Jusque récemment, les débats sur les émissions de gaz à effet de serre (GES) liées à l’élevage ont souvent été dominés par des modèles intensifs venus d’Europe ou d’Amérique du Nord. En accueillant la 9ᵉ conférence GGAA à Nairobi (5-9 octobre 2025), l’Afrique, pour la première fois, revendique une place centrale dans cette discussion. Le choix de cette localisation n’est pas anecdotique : il symbolise l’importance que le continent accorde désormais à l’insertion de ses systèmes d’élevage dans le débat climatique international.

Les organisateurs (ILRI et NIBIO) affirment que l’Afrique abrite un tiers du bétail mondial, que dans certains pays l’élevage contribue jusqu’à 80 % du PIB national, et que le secteur génère environ 0,8 gigatonne d’émissions annuelles. Ces chiffres, repris dans la couverture médiatique africaine, accentuent la mobilisation régionale autour d’un secteur souvent sous-représenté dans les visions climatiques globales.

Ce positionnement ouvre une opportunité : définir des solutions de réduction des GES qui tiennent compte des réalités africaines, systèmes pastoraux, petits exploitants, faibles intrants, contraintes financières, plutôt que d’imposer des modèles importés inadaptés.

L’état des lieux scientifique : émissions et intensité

L’élevage est un contributeur majeur aux émissions agricoles. Dans les systèmes africains, la source principale de GES est le méthane d’origine entérique (fermentation digestive), suivi des émissions liées au fumier et aux intrants. Une recherche récente de l’ILRI souligne que l’intensité des émissions (émissions par unité de produit) dans certains élevages de petite échelle en Afrique peut se rapprocher de niveaux observés dans les exploitations européennes (2,1 à 5,0 kg de CO₂-eq par litre de lait), ce qui nuance l’idée selon laquelle les systèmes africains seraient systématiquement plus “propres”.

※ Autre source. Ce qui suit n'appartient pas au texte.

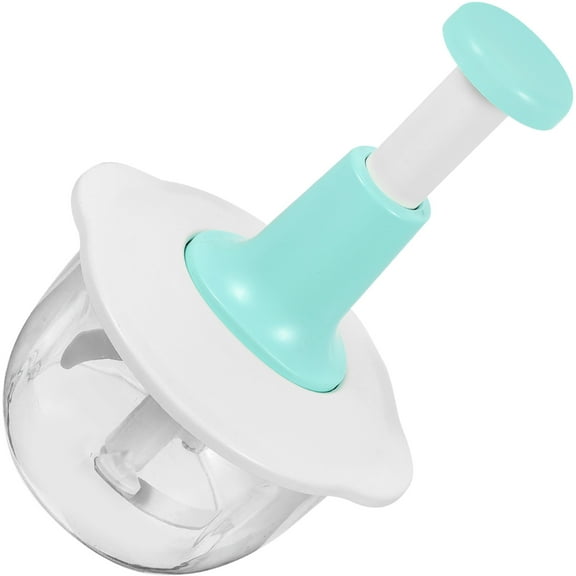 Toyvian Manual Meat Crusher Blue Kitchen Food Processor Mincer Removable Design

Un rapport du programme Africa’s Livestock Catalytic Potential indique que le secteur contribue en moyenne entre 30 et 80 % du PIB agricole national, souvent autour de 35 % dans de nombreux pays, et que dans les systèmes pastoraux, jusqu’à 55 % des revenus des ménages proviennent du bétail. Les défis pour l’élevage africain sont multiples : la rareté d’intrants de qualité, la pauvreté des services vétérinaires, des systèmes de sélection génétique peu développés, un faible financement public, et des politiques agricoles souvent centrées sur les cultures plutôt que sur l’élevage.

Une autre donnée importante : à l’heure actuelle, les systèmes africains produisent environ 18 % des émissions mondiales de méthane liées au bétail, avec le bétail représentant 70 % de ces émissions en Afrique subsaharienne. Ce défi est d’autant plus pressant que sans intervention, ces émissions pourraient tripler d’ici 2050.

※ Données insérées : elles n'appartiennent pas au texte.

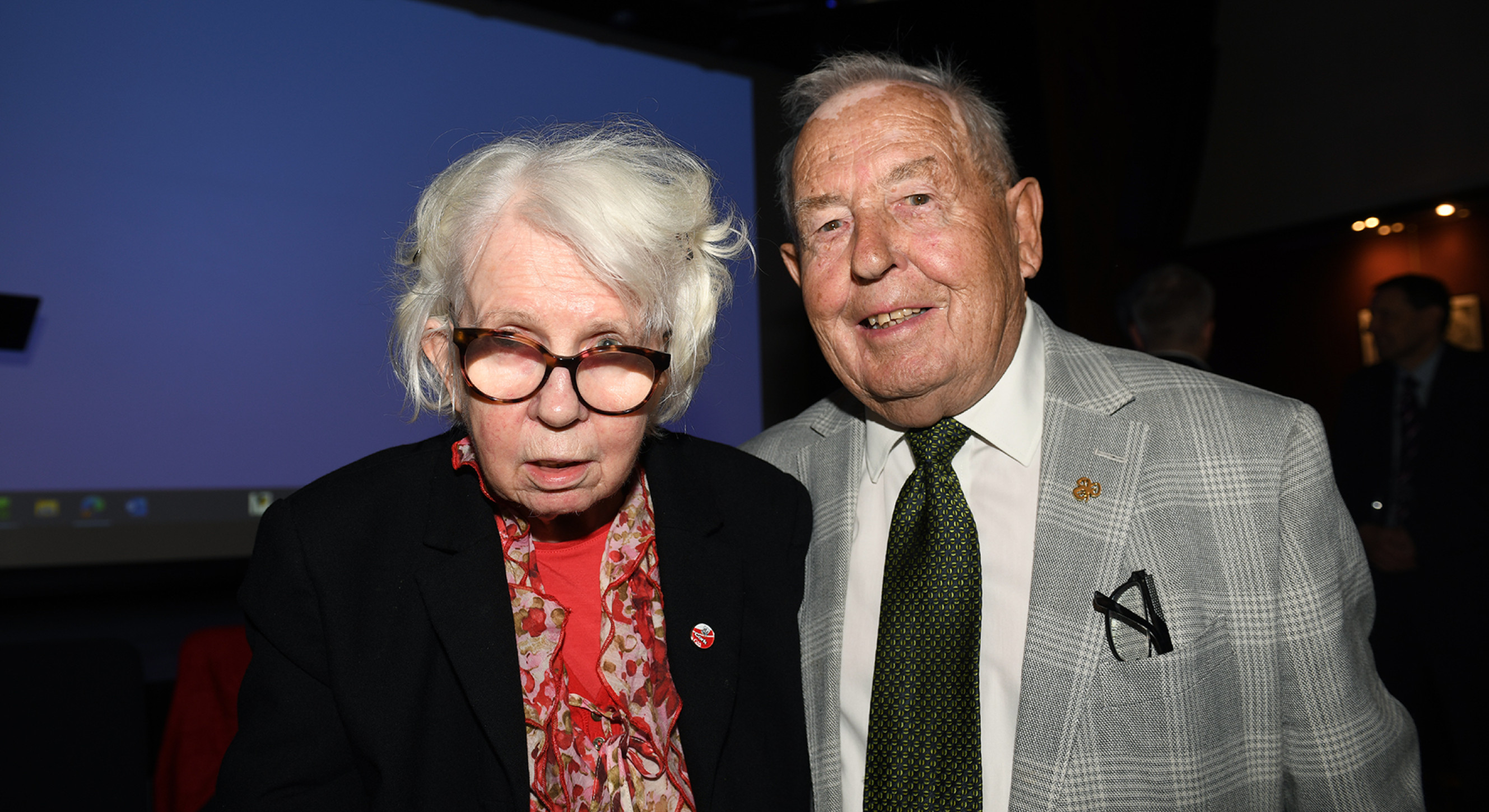 Sally Mulready with John O'Connor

Il existe aujourd’hui des initiatives en Afrique pour sélectionner des races bovines à émissions réduites. Par exemple, l’ILRI a lancé en 2025 un projet de 3,35 millions USD pour « Accelerating Reduced Emissions in Indigenous Breeds in Africa » qui combine génomique, suivi des émissions (exhalomique), et renforcement des centres de sélection.

Les innovations et les solutions présentées à la GGAA 2025

La conférence de Nairobi sert de vitrine pour des avancées technologiques adaptées aux conditions africaines, ainsi que pour des politiques publiques innovantes. Le programme officiel du GGAA 2025 souligne plusieurs axes prioritaires : quantification des GES, modélisation, solutions de terrain et intégration des politiques nationales.

Parmi les pistes présentées figure la sélection génomique : identifier des animaux à faible émission de méthane et les introduire dans les systèmes de reproduction nationaux. La méthodologie “exhalomique”, mesurant directement la concentration de méthane dans l'air expiré par les bovins, permet un suivi en temps réel. Ces innovations offrent la perspective d’une réduction jusqu’à 20-25 % par litre de lait produit dans certaines conditions.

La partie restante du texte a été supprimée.